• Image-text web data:
++++++

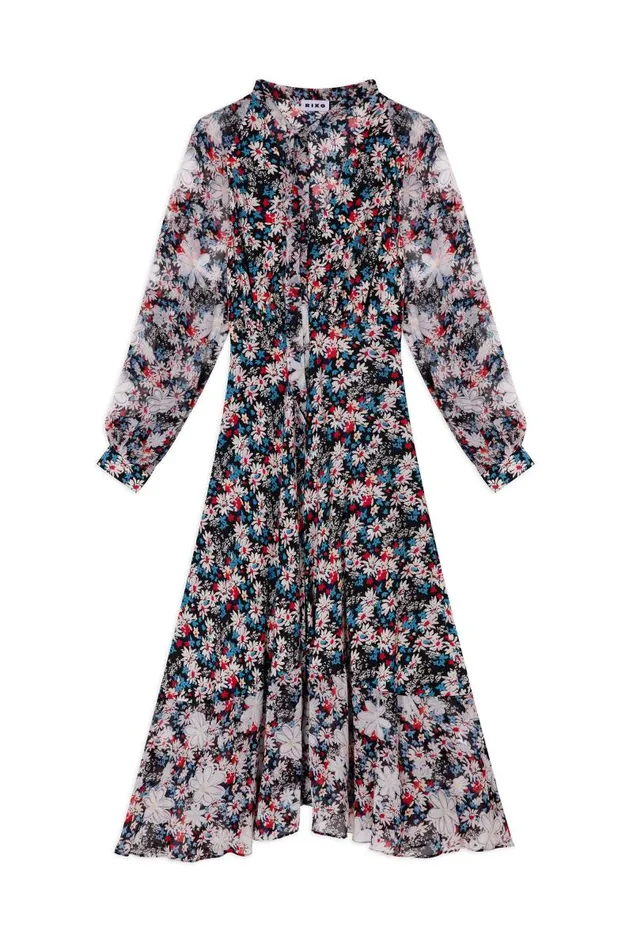 Women Dresses RIXO Diya Black Daisy Parade Women Dresses RIXO Diya Black Daisy Parade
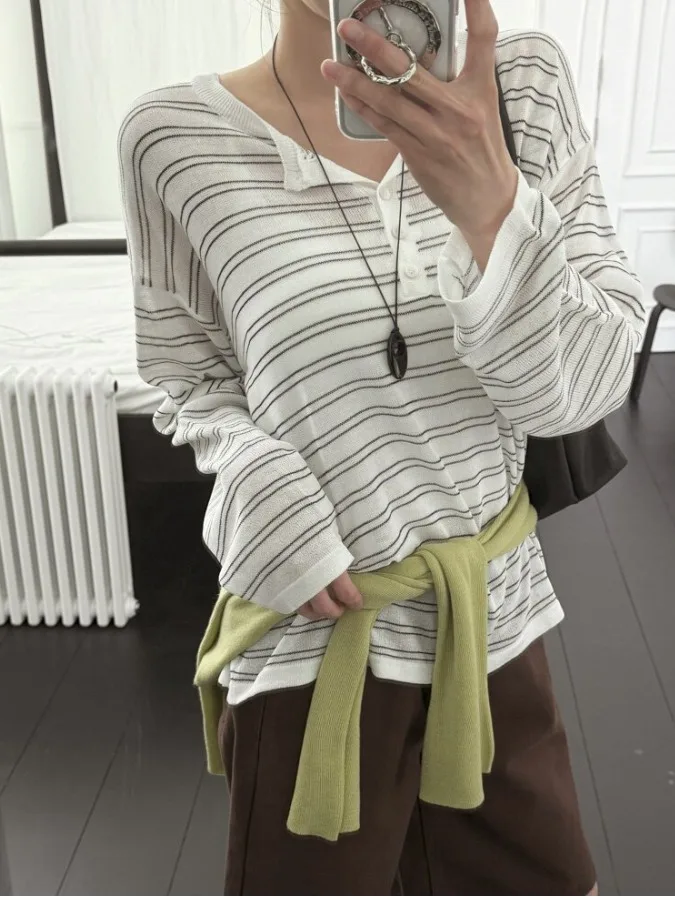 Fashionable Summer New Arrival Women's Knitted Sun Protection Long Sleeve Casual Striped Top Lazy Style Premium Quality
Fashionable Summer New Arrival Women's Knitted Sun Protection Long Sleeve Casual Striped Top Lazy Style Premium Quality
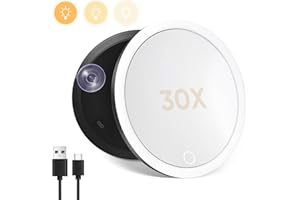 HuuppHip 30x Vergrößerungsspiegel mit Licht, Beleuchteter Reisespiegel mit 3 Saugnäpfen, Wiederaufladbarem 3 Farben dimmender Beleuchteter Makeup Spiegel, LED Kompaktspiegel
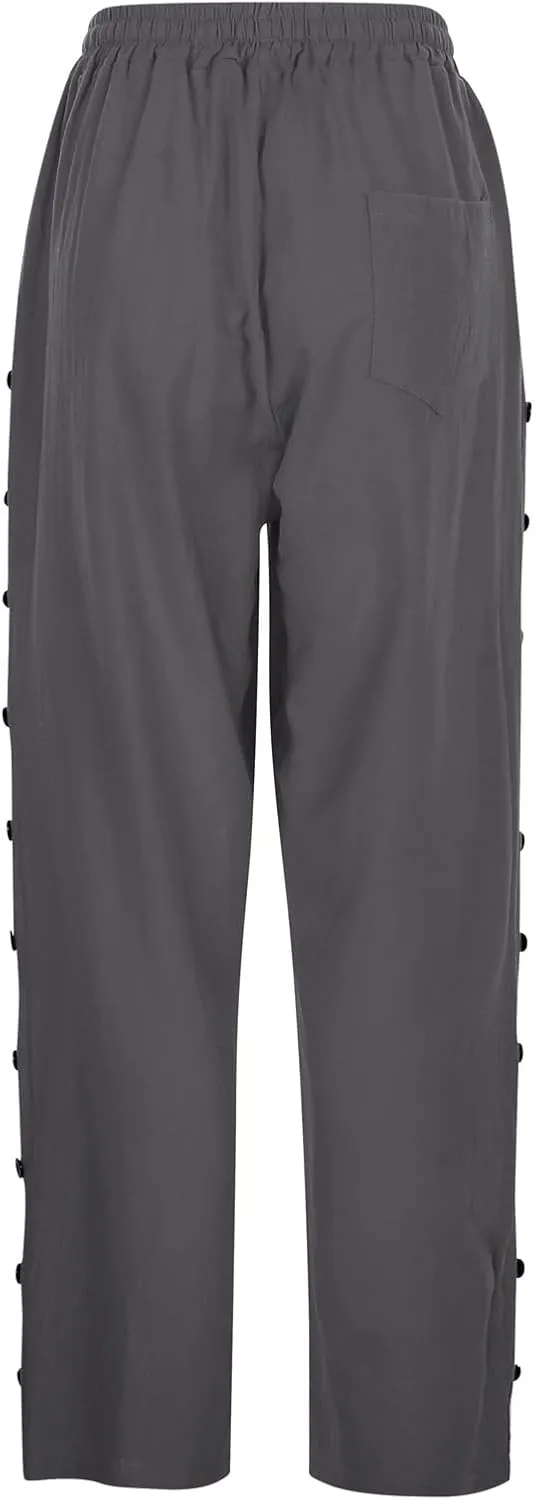 Womens Casual Linen Pants Side Button Summer Trendy Drawstring Elastic Waist Straight Leg Baggy Cropped Trousers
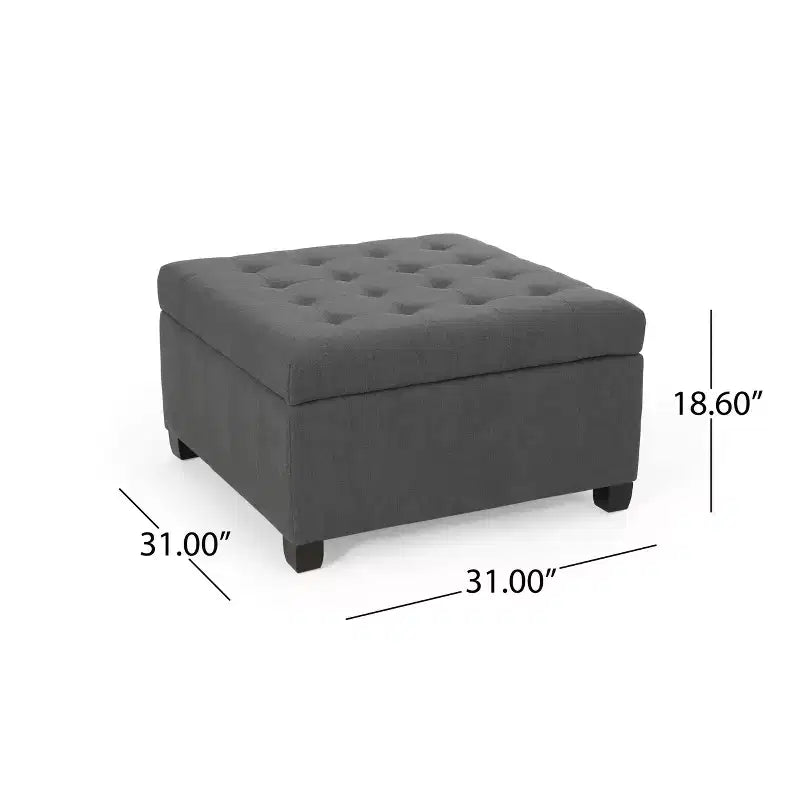 Pouff contenitore quadrato con gambe in betulla e cerniere ammortizzate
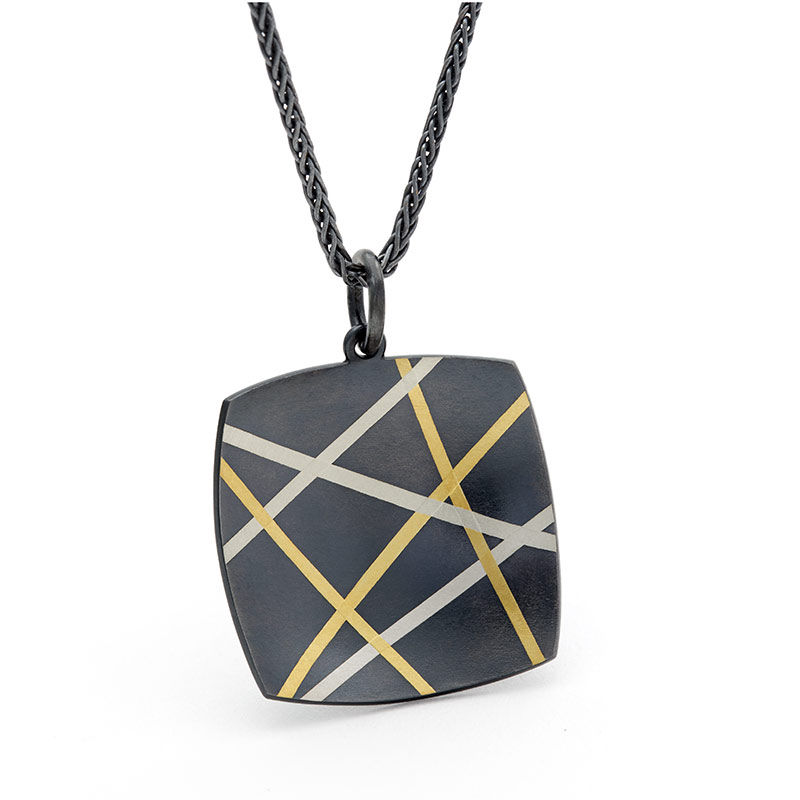 Mikado pendant Argentium silver 24k foil Keum Boo blackened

++++++

Write the entries above out again exactly, omitting each image.

 Women Dresses RIXO Diya Black Daisy Parade Women Dresses RIXO Diya Black Daisy Parade
 Fashionable Summer New Arrival Women's Knitted Sun Protection Long Sleeve Casual Striped Top Lazy Style Premium Quality
Fashionable Summer New Arrival Women's Knitted Sun Protection Long Sleeve Casual Striped Top Lazy Style Premium Quality
 HuuppHip 30x Vergrößerungsspiegel mit Licht, Beleuchteter Reisespiegel mit 3 Saugnäpfen, Wiederaufladbarem 3 Farben dimmender Beleuchteter Makeup Spiegel, LED Kompaktspiegel
 Womens Casual Linen Pants Side Button Summer Trendy Drawstring Elastic Waist Straight Leg Baggy Cropped Trousers
 Pouff contenitore quadrato con gambe in betulla e cerniere ammortizzate
 Mikado pendant Argentium silver 24k foil Keum Boo blackened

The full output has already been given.